Decades after independence from Belgium, this vast, diverse and young country—blessed with abundant natural resources that have drawn migrants, and a few investors, from around the world—remains mired in violence, poverty, plunder and despair. Civil wars since 1996 have resulted in some six million deaths and destroyed the country’s decades-old economic infrastructure and industrial base. In the eyes of its own people and those of the world, DRC represents a tragic failure of governance. Despite possessing one of the planet’s richest troves of natural resources, government cannot meet the basic needs of the governed.
Unemployment stands at a staggering 80%. Conflict, insecurity, sexual and gender-based violence, and graft are epidemic. The State Department’s most recent annual report on human rights around the world described corruption in the DRC as “endemic,” noting that officials often act with impunity and rights abuses remain widespread—particularly among women, children and other vulnerable groups. The DRC consistently ranks among last in the U.N. Development Program’s Human Development Index. And with a per capita GDP of $394 in 2015 and average life expectancy of about 50, it is also arguably the poorest country in the world, with 88% of its people living below the $1.25-per-day international poverty line.
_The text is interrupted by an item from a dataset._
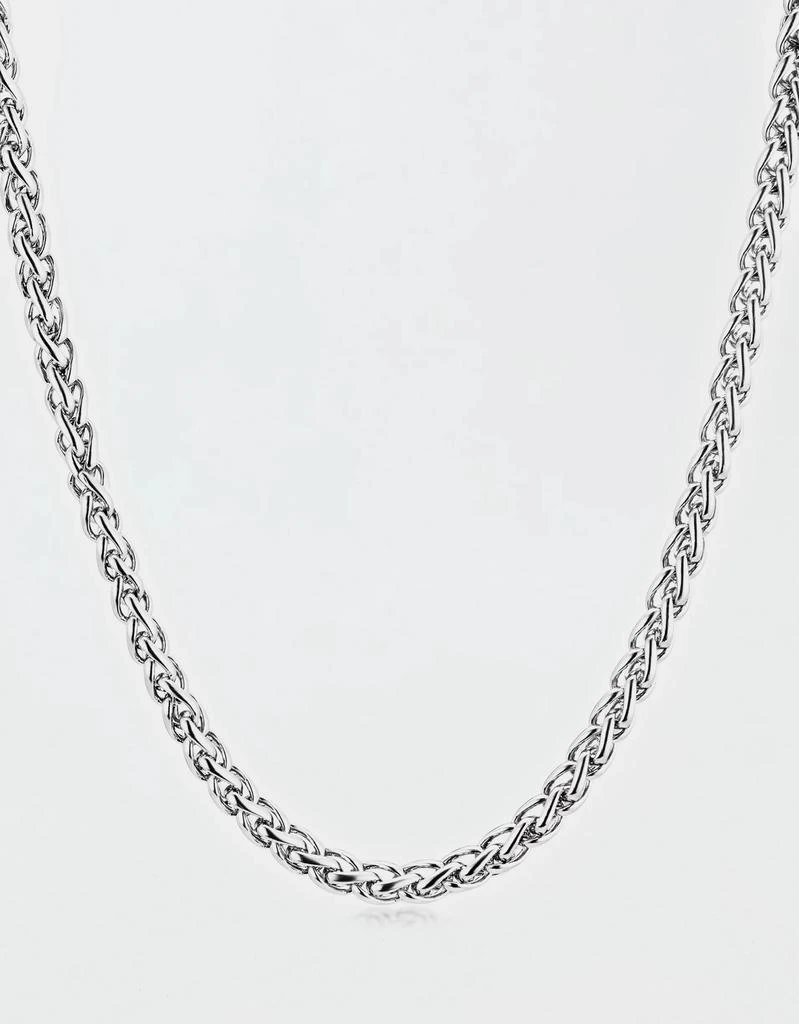 商品AE|West Coast Jewelry Stainless Steel Polished Spiga Chain Necklace,价格¥150,第1张图片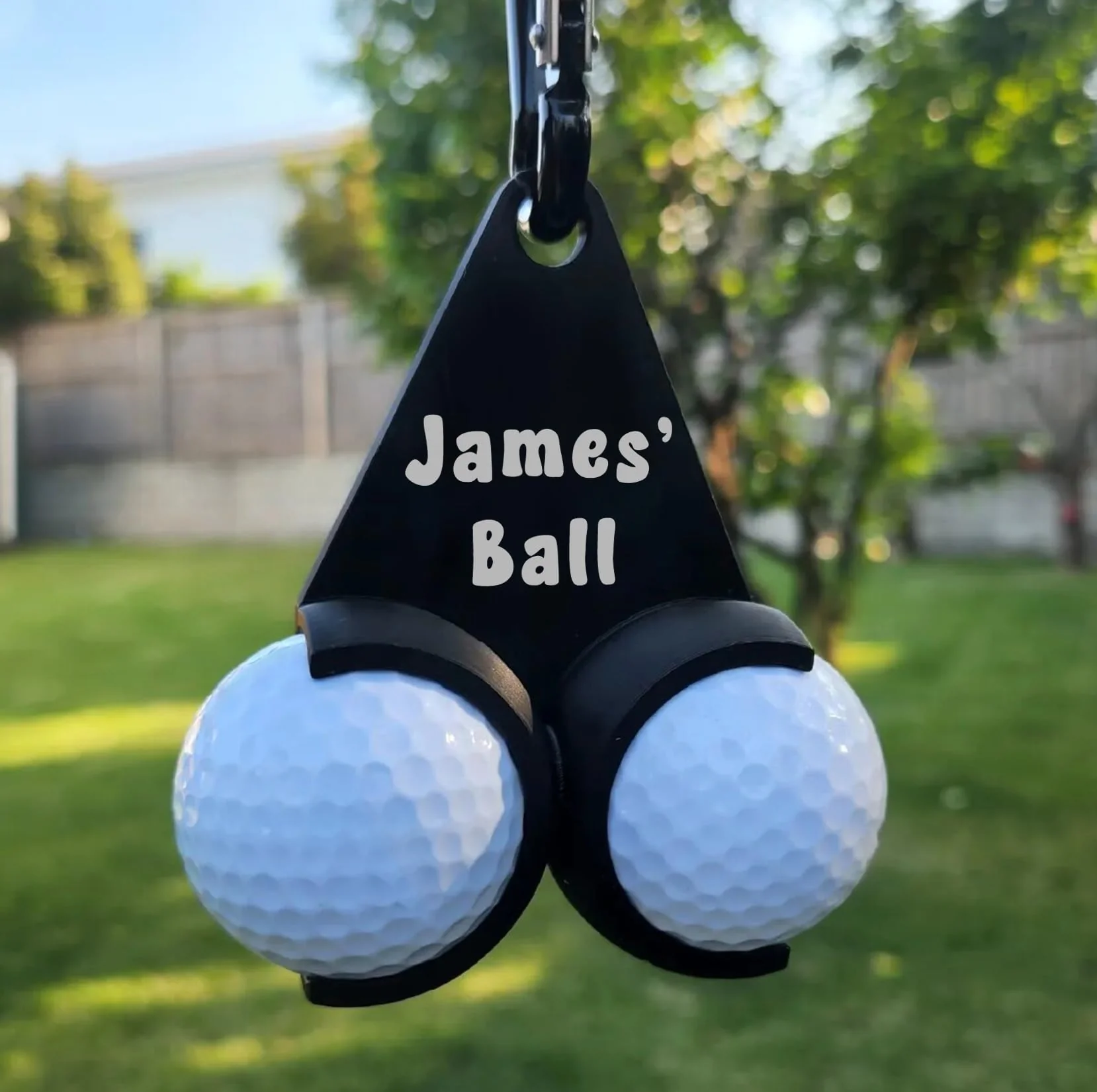 Custom Name Golf Ball Holder with Clip - Personalized Golf Gift - Image 6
In June 1998, the newly introduced Congolese franc traded at 72 cents on the U.S. dollar. Today, it is essentially worthless. As the result, 95% of the economy is conducted in U.S. dollars, leaving the central bank unable to collect seigniorage revenues or conceive and implement independent, credible monetary policy.
Health and education indices rank among the world’s lowest, while only about 10% of the population, mainly city-dwellers, enjoy reasonable access to either electricity or potable water. Within families, children are often forced to take turns eating. Basic infrastructure such as roads, ports, airports, rail and air transport, and sanitation, along with essential services such as education, are woefully inadequate.
Reserves of minerals and precious metals are worth some $24 trillion, according to World Bank Group estimates, but remain untapped—while untold thousands of Congolese desperate for a better life try their luck applying for visas to Europe and North America and more still forego such formalities and flee illicitly.
Transparency International classifies the DRC as one of the world’s most corrupt kleptocracies. In 2015, a U.N. panel reported more than 140 instances of violence and nearly 650 detentions related to the political process amid widespread speculation that President Joseph Kabila is scheming to remain in office beyond the legal end of his current term in December 2016.
The IMF has called for greater transparency and broad improvements in the mining sector to boost government revenue for poverty reduction. A panel of African experts led by former South African President Thabo Mbeki has meanwhile estimated that some 85% of revenue generated from DRC’s natural resources are pocketed off the books, unreported and untaxed, and diverted into private accounts—leaving the country with a paltry $9 billion annual budget.
As a DRC native who has worked for 25 years in some 85 countries as an international development economist, mainly in country management and private sector and financial sector development, I believe turning the country around demands no less than an updated version of the Marshall Plan that rebuilt post-war Europe.
The 15-year plan I propose for DRC comprises seven pillars of development, with the private sector driving growth and international and diaspora expertise tapped as needed. In its first phase, the program shall aim at advancing human capital, through education, health, and nutrition; creating opportunity and a level playing field for all, including Congolese women, who suffer not only legal discrimination, but one of the world’s highest rates of sexual and gender-based violence; promoting peace, security, rule of law, and democracy by restructuring the army and police and building strong democratic institutions and transparent practices; mobilizing domestic resources through transparent, effective tax collection and anticorruption measures; and supporting a responsible domestic private sector backed by functioning public administration and the rule of law. These initial pillars would lay the foundation for establishing strong institutions that President Barack Obama has often emphasized in his African policy as opposed to dictatorial strongmen who are to blame for the current state of affairs.
The second phase of the plan would endeavor to create opportunities for the people by taking on large-scale, labor-intensive infrastructure projects to create jobs as well as desperately needed enablers of trade and growth; boosting and accelerating local industrialization to refine and process minerals and mechanize farming, livestock and fisheries; promoting sustainable forest management; and supporting service sectors including tourism; and finally identifying and tapping domestic and regional market synergies.
What will this plan cost? I estimate about $800 billion over 15 years, in domestic resources, bilateral and multilateral aid, and foreign direct investment. It will also require a wholesale rethinking of development strategy and governance, with transparency a top priority. Executed wisely, it could turn one of the world’s poorest economies into a driver of African growth.
Economies most often succeed or fail based on the caliber and integrity of political leaders and governance structures. Good governance, rule of law, transparent management of natural resources, and honest, efficient tax collection should allow the state to develop an annual budget of at least $72 billion, lifting GDP per capita to $15,000 in a decade and a half.
Proverbial wisdom, repeated recently only in irony, says that “what’s impossible isn’t Congolese.” Bitter experience has taught too many of my compatriots quite the opposite. But we know from recent experience that great progress is possible, even in the poorest, most fragile corners of the world—progress that conveys prosperity and security not only for individual economies but, in this era of fast-moving global threats, for us all.
Refining and implementing this new Marshall Plan is where the country’s transformational work should begin to create conditions for a sustainable development beyond the usual cosmetic reforms. This plan will be a big step toward stabilizing and promoting development of one of the most important countries in Africa.